Kenneth Seiler is manager of power system coordination at PJM Interconnection. He is responsible for the interconnection coordination of generation, substation and transmission projects, and outage planning. He has been actively involved in the PJM Planning Committee and the development of the PJM's aging infrastructure initiatives. Prior to working for PJM, he was with GPU Energy for nearly 15 years in the Electrical Equipment Construction and Maintenance and System Operation departments. Seiler earned his BSEE degree from Pennsylvania State University and MBA from Lebanon Valley College. seilek@pjm.com

David Egan is a senior engineer in PJM's Interconnection Planning department, where he has worked for three years. He earned his BSME degree from Binghamton University. Previously he worked at Oyster Creek Generating Station for 13 years. During this time, he worked as a thermal performance engineer and turbine-generator systems' manager, and coordinated implementation of the site's Maintenance Rule program. egand@pjm.com

PJM BACKGROUND

Formally established on Sept. 16, 1927, the Pennsylvania-New Jersey Interconnection allowed Philadelphia Electric, Pennsylvania Power & Light, and Public Service Electric & Gas of New Jersey to share their electric loads and receive power from the huge new hydroelectric plant at Conowingo, Maryland, U.S. Throughout the years, neighboring utilities also connected into the system. Today, the interconnection, now called the PJM Interconnection, has far exceeded its original footprint.

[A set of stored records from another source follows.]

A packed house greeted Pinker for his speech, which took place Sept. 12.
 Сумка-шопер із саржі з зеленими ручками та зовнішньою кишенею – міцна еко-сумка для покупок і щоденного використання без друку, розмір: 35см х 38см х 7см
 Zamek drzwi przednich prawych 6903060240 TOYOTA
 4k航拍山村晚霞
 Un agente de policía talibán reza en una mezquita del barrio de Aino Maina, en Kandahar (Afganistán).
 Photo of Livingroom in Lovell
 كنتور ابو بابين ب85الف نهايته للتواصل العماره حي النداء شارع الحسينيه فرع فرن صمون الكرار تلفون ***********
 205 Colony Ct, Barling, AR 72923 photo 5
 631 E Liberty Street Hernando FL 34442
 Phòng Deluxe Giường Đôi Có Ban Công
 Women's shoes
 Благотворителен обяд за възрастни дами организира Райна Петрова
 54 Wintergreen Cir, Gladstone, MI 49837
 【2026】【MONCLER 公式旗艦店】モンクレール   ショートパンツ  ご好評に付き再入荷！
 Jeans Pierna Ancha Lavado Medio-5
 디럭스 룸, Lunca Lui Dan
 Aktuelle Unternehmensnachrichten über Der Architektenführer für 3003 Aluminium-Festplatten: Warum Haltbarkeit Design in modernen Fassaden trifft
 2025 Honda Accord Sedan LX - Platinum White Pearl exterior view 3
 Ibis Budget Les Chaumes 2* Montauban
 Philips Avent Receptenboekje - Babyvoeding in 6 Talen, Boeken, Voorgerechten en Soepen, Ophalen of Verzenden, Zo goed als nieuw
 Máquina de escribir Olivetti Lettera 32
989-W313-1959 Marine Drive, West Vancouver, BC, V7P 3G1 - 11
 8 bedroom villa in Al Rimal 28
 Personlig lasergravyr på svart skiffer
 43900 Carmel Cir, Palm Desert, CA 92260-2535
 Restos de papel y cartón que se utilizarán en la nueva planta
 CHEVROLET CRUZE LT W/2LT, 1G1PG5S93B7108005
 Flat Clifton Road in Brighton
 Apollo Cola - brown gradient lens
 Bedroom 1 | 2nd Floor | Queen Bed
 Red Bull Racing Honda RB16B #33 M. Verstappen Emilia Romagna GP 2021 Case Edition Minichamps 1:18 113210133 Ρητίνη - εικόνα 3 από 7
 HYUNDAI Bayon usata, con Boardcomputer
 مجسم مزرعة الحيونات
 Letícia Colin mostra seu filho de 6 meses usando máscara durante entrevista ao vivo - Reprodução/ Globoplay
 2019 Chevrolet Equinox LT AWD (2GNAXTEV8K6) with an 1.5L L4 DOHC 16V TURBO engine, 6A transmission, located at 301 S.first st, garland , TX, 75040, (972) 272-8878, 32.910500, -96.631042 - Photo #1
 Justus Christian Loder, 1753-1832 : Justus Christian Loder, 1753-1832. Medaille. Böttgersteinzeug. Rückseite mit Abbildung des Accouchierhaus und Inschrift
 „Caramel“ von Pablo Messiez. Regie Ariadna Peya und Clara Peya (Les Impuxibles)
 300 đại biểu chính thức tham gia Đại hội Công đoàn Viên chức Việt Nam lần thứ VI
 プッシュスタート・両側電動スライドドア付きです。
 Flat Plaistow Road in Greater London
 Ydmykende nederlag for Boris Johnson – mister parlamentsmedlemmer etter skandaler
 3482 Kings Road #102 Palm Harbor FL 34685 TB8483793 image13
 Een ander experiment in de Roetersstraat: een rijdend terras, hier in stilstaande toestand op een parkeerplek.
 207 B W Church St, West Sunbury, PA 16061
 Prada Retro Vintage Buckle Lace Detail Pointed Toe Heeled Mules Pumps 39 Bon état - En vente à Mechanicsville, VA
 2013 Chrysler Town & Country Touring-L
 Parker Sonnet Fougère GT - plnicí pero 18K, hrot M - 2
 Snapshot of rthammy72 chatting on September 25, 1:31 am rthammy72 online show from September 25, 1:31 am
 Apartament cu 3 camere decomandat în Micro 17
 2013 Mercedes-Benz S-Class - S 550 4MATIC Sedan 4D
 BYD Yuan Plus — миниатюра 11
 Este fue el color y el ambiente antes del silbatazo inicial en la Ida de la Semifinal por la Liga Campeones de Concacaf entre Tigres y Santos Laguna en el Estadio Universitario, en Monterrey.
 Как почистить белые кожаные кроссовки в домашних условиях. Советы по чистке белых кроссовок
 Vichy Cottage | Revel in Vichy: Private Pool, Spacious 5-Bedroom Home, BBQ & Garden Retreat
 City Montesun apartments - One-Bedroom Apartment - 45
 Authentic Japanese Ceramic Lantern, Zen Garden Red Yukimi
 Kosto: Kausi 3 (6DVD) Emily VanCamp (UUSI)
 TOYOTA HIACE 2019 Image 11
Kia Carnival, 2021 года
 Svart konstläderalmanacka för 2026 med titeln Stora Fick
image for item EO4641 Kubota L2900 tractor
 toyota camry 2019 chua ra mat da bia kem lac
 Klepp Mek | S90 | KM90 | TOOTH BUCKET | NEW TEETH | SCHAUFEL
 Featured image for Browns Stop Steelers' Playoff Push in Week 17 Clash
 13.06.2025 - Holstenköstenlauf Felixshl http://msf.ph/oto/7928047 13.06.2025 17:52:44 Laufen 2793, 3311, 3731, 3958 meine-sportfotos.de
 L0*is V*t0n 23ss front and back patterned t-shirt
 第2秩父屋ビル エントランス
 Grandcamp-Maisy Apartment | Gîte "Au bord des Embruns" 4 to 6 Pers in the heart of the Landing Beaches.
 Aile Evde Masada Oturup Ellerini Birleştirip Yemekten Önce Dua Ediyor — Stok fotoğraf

PJM is the operator of the world's largest centrally dispatched grid, serving about 51 million people in 13 states and the District of Columbia. A regional transmission organization that operates 19% of the transmission infrastructure of the U.S. Eastern Interconnection on behalf of transmission system owners, PJM dispatches 164,634 MW of generating capacity over 56,000 miles (91,800 km) of transmission. Within PJM, 12 utilities individually own the 500-kV/230-kV transformer assets.